O historiador não teve medo de apostar fichas preciosas de sua visão idealista em que a política educacional adventícia “não será apenas uma dádiva de algum governo bonapartista bafejado pelas luzes de eventual despotismo esclarecido periférico; resultará, antes, de uma autêntica e vigorosa pressão social e política de segmentos organizados da sociedade civil”.
Com a chegada da Nova República, em 1986, e a criação do Ministério da Cultura (MinC), que Carlos Guilherme Mota considerou “uma das fabricações mais controvertidas” do então presidente Tancredo Neves, pelo menos houve um alento com a indicação do economista Celso Furtado para a chefia da área. O historiador opinava que a indicação era o sinal de que se retemperavam “as esperanças dos que imaginavam poder o Brasil tornar-se um dia uma nação moderna”.
Dentre as credenciais do ministro, Mota asseverava se tratar ”de alguém com estatura de estadista, preocupado intensamente com a questão nacional e, desde os fins dos anos 1960, com a questão da cultura”.
As boas intenções, muitas vezes são engolfadas pelo tempo e espaço e, apesar da esperança reavivada numa gestão iluminista da cultura brasileira a frustração continuou. Mota logo percebeu que “não há fabricação ideológica que cimente a arquitetura dessa novíssima República”, lembrando o desafio histórico-cultural assumido por Furtado na transformação da pasta “que é essencialmente de crítica ideológica e não deve servir de biombo, nem ser manipulada para reduzir uma sociedade de 130 milhões de pessoas a um mercado de 30 ou 40 milhões, num processo ‘cultural’ embrutecedor, que arredonda as diferenças, ‘disfarça a favela e esconde as coisas’, como denunciava Oduvaldo Viana Filho em 1974”.
Em outras palavras, Carlos Guilherme Mota, nesse ponto de vista acompanhado por uma legião de brasileiros de boa vontade, esperava que a chegada de Celso Furtado ao MinC de fato estimulasse a formação de uma nova sociedade e a luta pela efetiva nacionalização do controle da economia, pondo fim a “esse aglomerado de súditos contribuintes sem voz nem vez, transformando-os em cidadãos”. Não deu pé…

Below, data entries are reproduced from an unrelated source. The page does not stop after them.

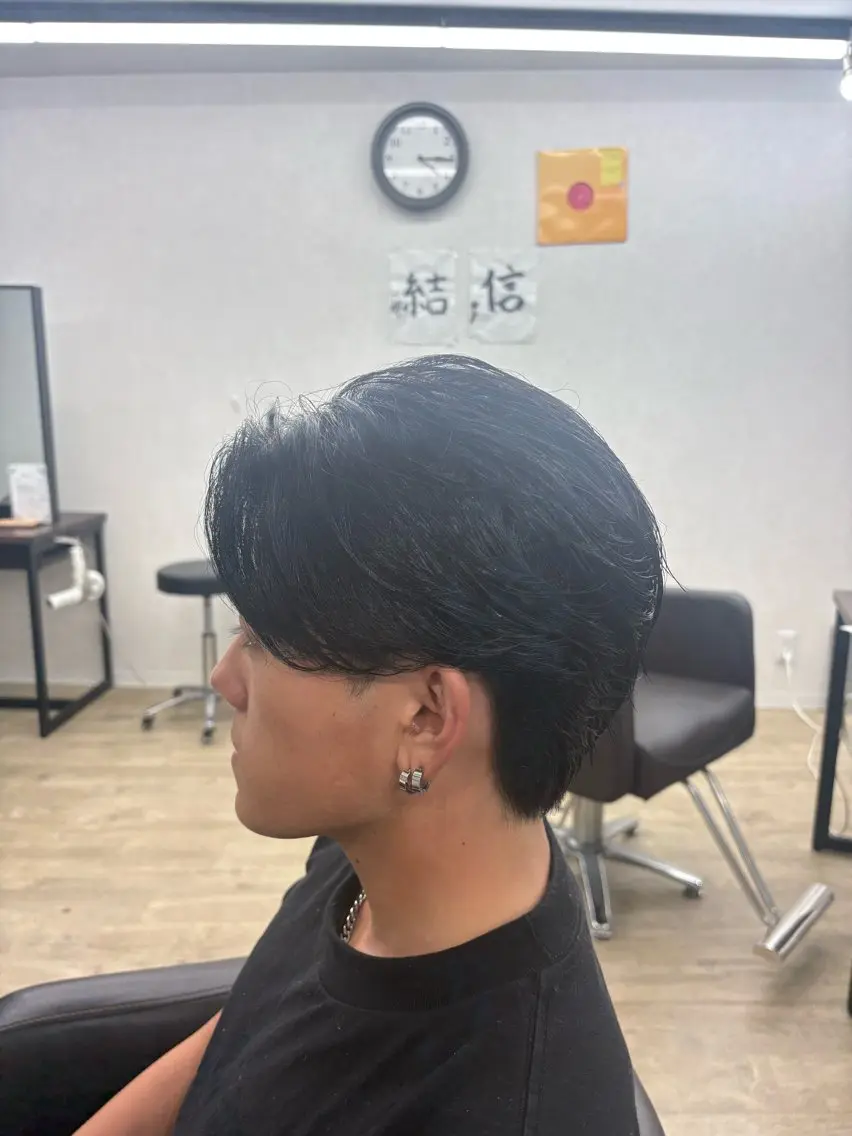 ミディアム カラー メンズ カット ヘアカラー 内山 綺琉のヘアスタイル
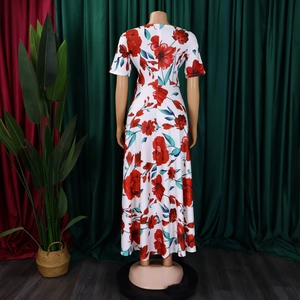 Vue arrière d'une robe longue blanche à fleurs rouges avec une jupe évasée en A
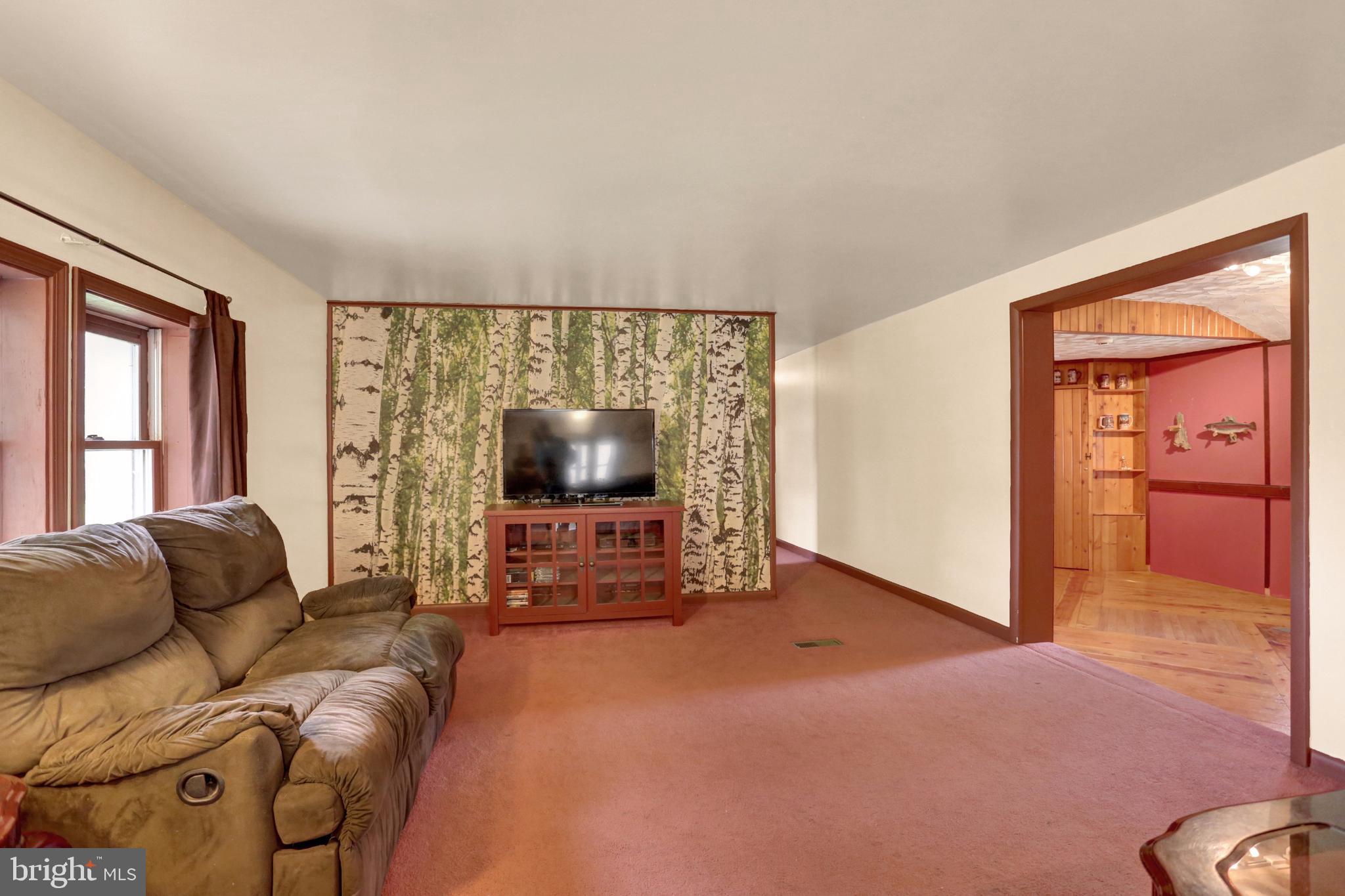 909 Torway Road Gardners, PA 17324 - Photo 5 of 35 Gallery Image 5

Anos mais tarde, no final dos 90, Mota deduzia que “não somos ainda uma nação, pois não sabemos quem somos, nem aprendemos a pensar em longo prazo”, salientando que “tampouco a esquerda vem sabendo escoimar os vícios do clientelismo, do sectarismo e do fisiologismo que combatia na ditadura, e aqui refiro-me diretamente ao PMDB, ao PT e ao PDT. Pior que isso, algumas lideranças vem beirando o pitoresco!”.
Coisas tristes se amontoaram no plano da cultura institucionalizada, como a mediocrização das universidades, salvo umas poucas federais, que resistiram e continuam lutando bravamente pela requalificação das bibliotecas e dos serviços de preservação da memória cultural, dos centros de pesquisa e produção científica: “A Biblioteca Nacional do Rio de Janeiro ou a Biblioteca Municipal de São Paulo não lograram acompanhar o tempo de suas congêneres dos Estados Unidos, da França, da Inglaterra ou da Alemanha. Bem ao contrário, são hoje pálidas sombras dos tempos de diretores escritores como Sérgio Milliet, Sérgio Buarque de Holanda, José Honório Rodrigues e Rodrigo de Mello Franco”.